Fulkerson, who now lives in Ravensdale, King County, said she assumed Johnson was either dead or being held somewhere against her will. In the months after her disappearance, friends and family said Johnson never would have left her two children, Kaitlyn and Sean.

"She cared more about her kids than herself," Fulkerson said. "The idea that she could just disappear, I couldn't fathom it."

Johnson and her husband, Greg, were separated at the time of the disappearance. He and the children moved to Las Vegas a few years ago, Fulkerson said.

Neither he nor Johnson's father could be reached for comment.

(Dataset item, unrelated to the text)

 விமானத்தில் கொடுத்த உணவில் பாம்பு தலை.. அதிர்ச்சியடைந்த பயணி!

A year after the disappearance, King County detectives arrested a 43-year-old man in connection with her suspected killing, but prosecutors released him three months later because of a lack of evidence.

The man worked with Johnson at the Bowen Scarff Ford car dealership in Kent. The two had a platonic relationship and would occasionally eat together, police said after the arrest. The man later moved to Montana, but it is unclear where he lives now.

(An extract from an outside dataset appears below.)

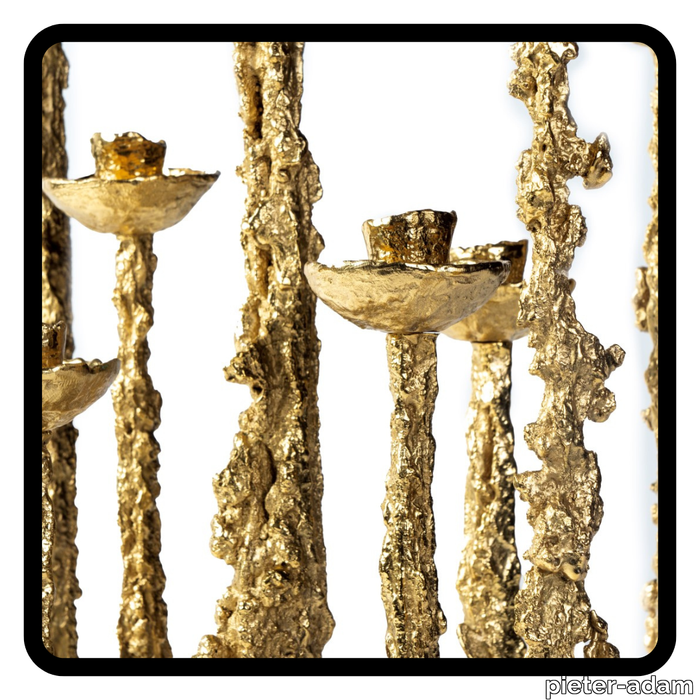 Fotos-website-15.png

The original detective on the case was promoted, so a new detective is taking over the case this week, King County Sheriff's spokesman John Urquhart said.

The detective will examine the paperwork and evidence with a "new set of eyes," Urquhart said.

"The good news is we did find the body and we learned from [the] Green River [killer case] that that can bring closure to the family," he said. "It conceivably brings us one step closer to solving this case."

Johnson was last seen on April 26, 1996. She called Fulkerson that morning to say she was going to run a few errands and would come to a party later that day for Fulkerson's son.

An hour later, she made or received a four-minute call on her cellphone, which was traced to a bank near Bellevue Square.

At noon, Johnson was scheduled to meet a friend for lunch at Cucina! Cucina! in Bellevue but didn't show up. That night, Fulkerson left a message with Johnson's husband, saying his wife hadn't picked up their kids that day.

Johnson's husband got the message the next morning and called police. Johnson didn't show up for a birthday party later that day for her son either.

A day later, Johnson's wallet was found in the parking lot of an Eagle hardware store in Seattle's Rainier Valley neighborhood.

Two days after that, police found Johnson's Ford Escort station wagon at a Thriftway supermarket near Tukwila. The car's keys were in the ignition, the doors were unlocked and her cellphone was in plain view inside.